Diving coach Lisa Martin and diver Andrew Sibbald are all smiles after winning silver and bronze at the BC Winter Games on the weekend

Diving coach Lisa Martin and diver Andrew Sibbald are all smiles after winning silver and bronze at the BC Winter Games on the weekend

A medley of medals for Games athletes

The BC Winter Games wrapped up on Sunday in Penticton with local athletes bringing home plenty of hardware.

The BC Winter Games wrapped up on Sunday in Penticton with local athletes bringing home plenty of hardware.

The Kootenay Zone 1 team took home 28 medals, including 10 gold, 12 silver, and 6 bronze at the three-day event that saw close to 1,700 athletes converge on the Okanagan city to compete in 17 sports.

Rossland’s Andrew Sibbald won silver in three-metre and bronze in one-metre boys diving, while Jasmine Drolet claimed bronze in Midget girls cross-country skiing. Salmo’s Haley Olinyk with guide Michaela Richens captured two gold medals in para-interval start and para-interval sprint mixed standing skiing, and Kootenay Bay’s Jessica Rideout won silver in the same events with Sofeya Devji as her guide. Red Mountain Racer Heiko Ihns of Castlegar also captured gold in the slalom and silver in Giant Slalom.

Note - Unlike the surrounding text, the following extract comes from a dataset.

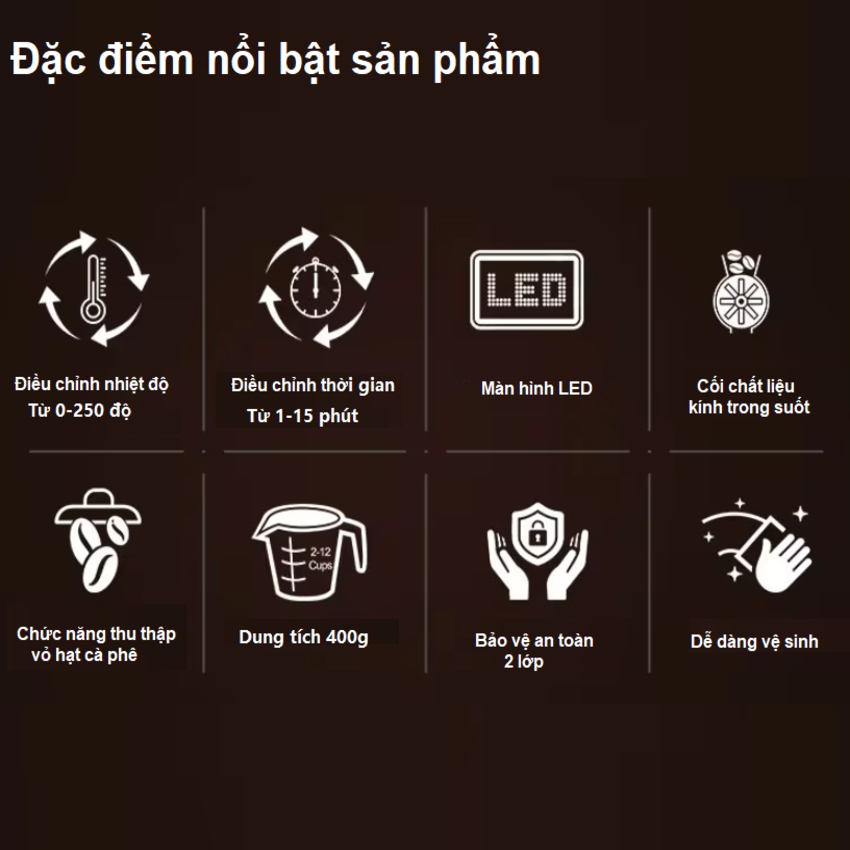 Máy rang hạt cà phê công nghệ gia nhiệt không khí thương hiệu Mỹ cao cấp Cafemasy CCR-1210R3 - Hàng Nhập Khẩu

Sibbald trains at the Greater Trail Aquatic and Leisure Centre but once a month he travels to the Lower Mainland to practice with the South Surrey White Rock Divers (SSWRD). His diving coach, Lisa Martin, was proud of the Rossland native’s accomplishments at the Games, and impressed with his commitment.

“Andrew is super dedicated, most of my other kids wouldn’t do that,” Martin told Games reporter Sawyer Klassen. “He trains really hard by himself, we try to give him all the pointers we can while he’s up in Trail. He comes down once a month, learns some new dives and then goes back up there to perfect them.”

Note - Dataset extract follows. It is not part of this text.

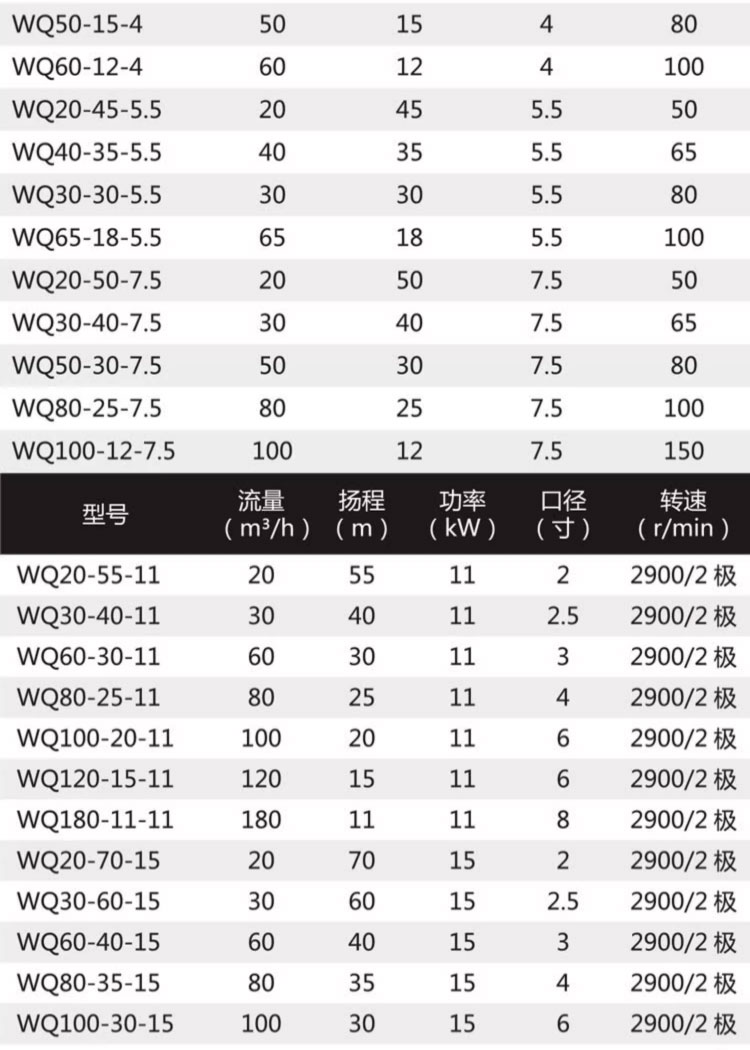进口污水泵WQ无堵塞潜水排污泵(图6)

Sibbald’s hard work paid off as he exceeded his expectations and broke the 200-point barrier in both his dives. Sibbald scored 200.3 points in 3-metre and 200.9 in the 1 metre to plant himself firmly among BC’s best young divers.

“It’s very exciting, because coming into this competition there were a lot of pretty good divers that I haven’t dove with in a long time,” Sibbald said. “I was really worried, but getting second place was exciting.”

Meanwhile, at the Nickel Plate Nordic Centre, Richens guided Olinyk, who is visually impaired, to victory in the five-kilometre para-category of cross-country skiing.

“(It’s) such a positive experience, helping your best friend reach the finish line,” said Richens, who has been friends with Olinyk since Grade 3.

Things on the course went well, but Olinyk pointed out that there were more hills than they’re used to and the crowd was also a bit daunting.

“(There’s) such a huge audience and all of B.C. is watching,” Olinyk told Games reporter Emanuel Sequeira, noting that it was her first BC games.

It was cool to win, but  it was great to see her friend have the experience, said Olinyk, who won gold with Canada at the International Blind Sports Association Games in Colorado Springs in goal ball last year.

“I’m glad I brought (Richens) with me so she could experience it.”

Fraser River’s Zone 4 team claimed top spot overall with 42 gold, 44 silver, and 21 bronze for 107 total. Vancouver Coast was right behind them with a 105-medal haul: 35 gold, 27 silver, and 43 bronze.